Koshu has long been recognized as a table grape to be eaten as it is. Historically, wine was produced from damaged or leftover unsold Koshu grapes. Accordingly, the quality of such wine was low and unappreciated. Around the turn of the century from the 20th to the 21st century, a small group of people interested in wine-making had decided to depart from such old practices and to drastically change their ways of making Koshu wine, first by introducing novel ways of growing Koshu grapes and second by introducing new methods of making wines.
Koshu is known to produce grapes of very low sugar content, averaging only Brix 15 to 16%. With only this amount of sugar, we cannot make wine having an alcoholic content any higher than about 9%. A few growers tried to grow Koshu by using a training system called vertical shoot positioning (VSP: Kakine-jitate), which would likely produce grapes with a higher sugar content than had been achieved by the traditional Japanese pergola system (Tana-jitate); but they had only marginal success.
The VSP result, therefore, forced us to attempt to improve biogenetically the present Koshu cultivar to produce grapes with higher sugar content.
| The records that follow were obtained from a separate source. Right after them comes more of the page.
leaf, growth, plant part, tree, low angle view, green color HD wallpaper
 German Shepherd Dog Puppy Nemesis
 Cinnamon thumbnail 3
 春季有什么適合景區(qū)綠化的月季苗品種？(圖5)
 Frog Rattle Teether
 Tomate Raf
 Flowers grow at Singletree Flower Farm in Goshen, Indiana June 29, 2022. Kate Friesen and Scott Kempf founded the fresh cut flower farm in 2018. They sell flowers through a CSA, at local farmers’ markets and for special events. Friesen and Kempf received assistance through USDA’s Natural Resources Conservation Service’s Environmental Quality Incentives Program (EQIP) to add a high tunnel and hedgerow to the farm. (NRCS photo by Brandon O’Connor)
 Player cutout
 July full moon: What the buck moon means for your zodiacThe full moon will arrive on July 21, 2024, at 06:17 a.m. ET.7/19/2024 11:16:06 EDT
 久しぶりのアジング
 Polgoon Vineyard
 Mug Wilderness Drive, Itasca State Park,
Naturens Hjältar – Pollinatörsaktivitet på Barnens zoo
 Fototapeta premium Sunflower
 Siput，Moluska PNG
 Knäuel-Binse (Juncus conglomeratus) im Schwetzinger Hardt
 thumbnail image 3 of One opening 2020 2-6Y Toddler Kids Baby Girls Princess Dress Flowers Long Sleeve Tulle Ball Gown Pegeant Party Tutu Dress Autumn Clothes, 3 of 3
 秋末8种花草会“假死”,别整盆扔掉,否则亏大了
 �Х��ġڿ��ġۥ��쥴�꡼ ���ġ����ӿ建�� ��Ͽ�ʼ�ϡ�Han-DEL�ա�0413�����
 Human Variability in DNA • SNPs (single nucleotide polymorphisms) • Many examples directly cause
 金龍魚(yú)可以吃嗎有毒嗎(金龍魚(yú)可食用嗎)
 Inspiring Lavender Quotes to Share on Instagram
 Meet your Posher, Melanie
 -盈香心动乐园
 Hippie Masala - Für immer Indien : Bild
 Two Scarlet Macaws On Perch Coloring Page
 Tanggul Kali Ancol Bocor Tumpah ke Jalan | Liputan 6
Most, if not all, of presently available Koshu cultivars are infected with many viruses, among which the leafroll viruses are well acknowledged to cause the suppression of sugar levels in grapes. Thus, one apparent way to enhance the sugar level of Koshu is to eliminate viruses. The viral elimination can be achieved by meristem-cultivation.
Based on these facts and the realization of the first importance that Koshu should be free of viruses, we have so far established a robust method of viral detection and an innovative way of meristem-cultivation to create novel cultivars free of viruses. The virus-free cultivars we produced have so far proven to bear grapes having a sugar content of no less than 20% Brix when grown in a green-house environment. As compared with their parental Koshu grapes, those grapes made wine, which possesses not only a more gentle and elegant flavor (nose), but also a smoother and more velvety taste with a longer and more refreshing finish. Our present aim is to develop more efficient methods of producing meristem-derived cultivars and to produce wine from virus-free Koshu grapes grown in large agricultural fields.